Eine dünne Schicht Emovate-Salbe auftragen und vorsichtig einmassieren. Nur soviel auftragen, wie

nötig ist, um die betroffene Stelle vollständig zu bedecken.

Nach dem Auftragen die Hände waschen es sei denn, die Hände werden behandelt.

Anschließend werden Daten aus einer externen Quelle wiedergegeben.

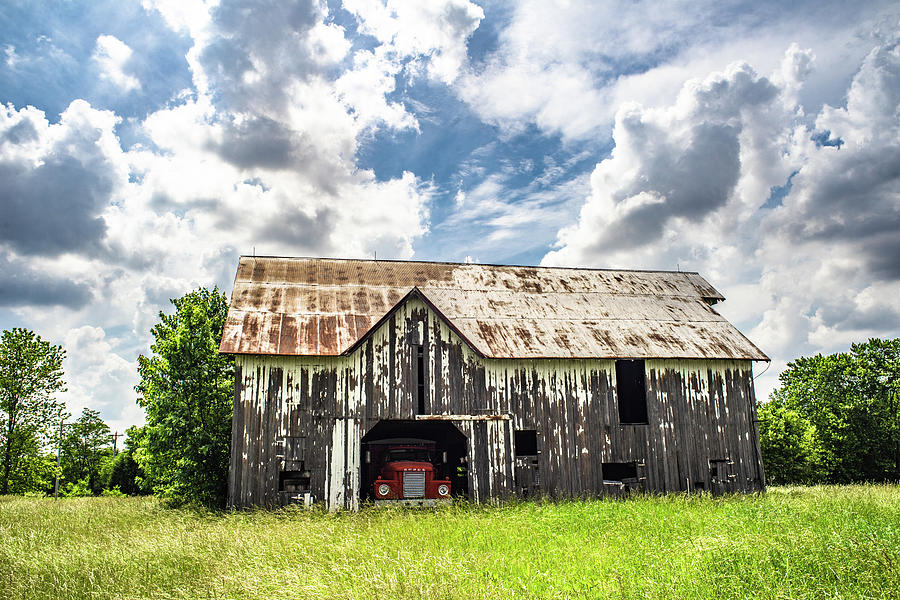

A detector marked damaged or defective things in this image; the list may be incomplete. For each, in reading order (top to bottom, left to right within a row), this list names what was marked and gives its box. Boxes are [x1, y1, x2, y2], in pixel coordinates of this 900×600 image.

rusty corrugated roof [220, 256, 768, 360] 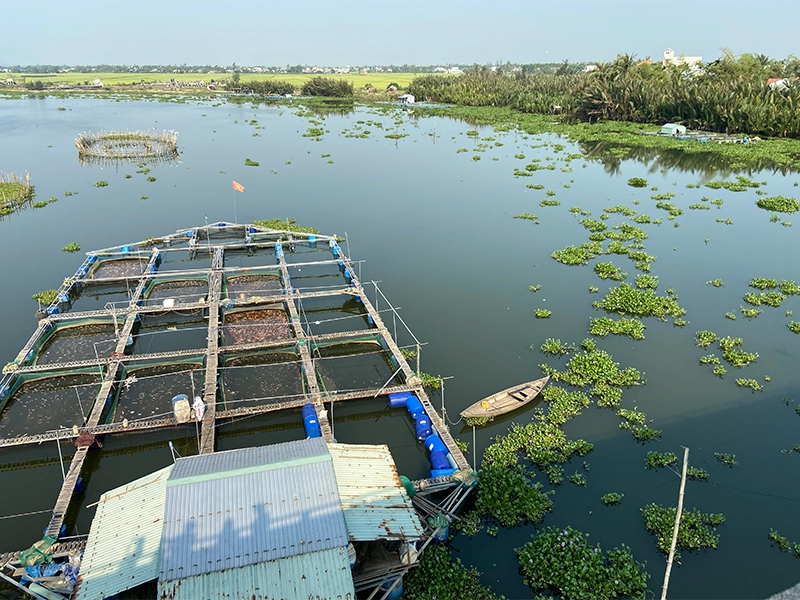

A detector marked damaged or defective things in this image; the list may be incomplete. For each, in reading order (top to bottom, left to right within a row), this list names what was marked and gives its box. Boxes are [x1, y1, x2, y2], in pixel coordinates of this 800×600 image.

Falls Sie ein Pflegepräparat (Feuchtigkeitspräparat, Emulsion) anwenden, warten Sie vor dem

Auftragen desselben bis Emovate-Salbe eingezogen ist.

Dieses Arzneimittel sollte täglich nicht länger als 4 Wochen angewendet werden.

Kinder und Jugendliche

Die Anwendung bei Kindern unter 12 Jahren darf nur auf Empfehlung Ihres Arztes erfolgen.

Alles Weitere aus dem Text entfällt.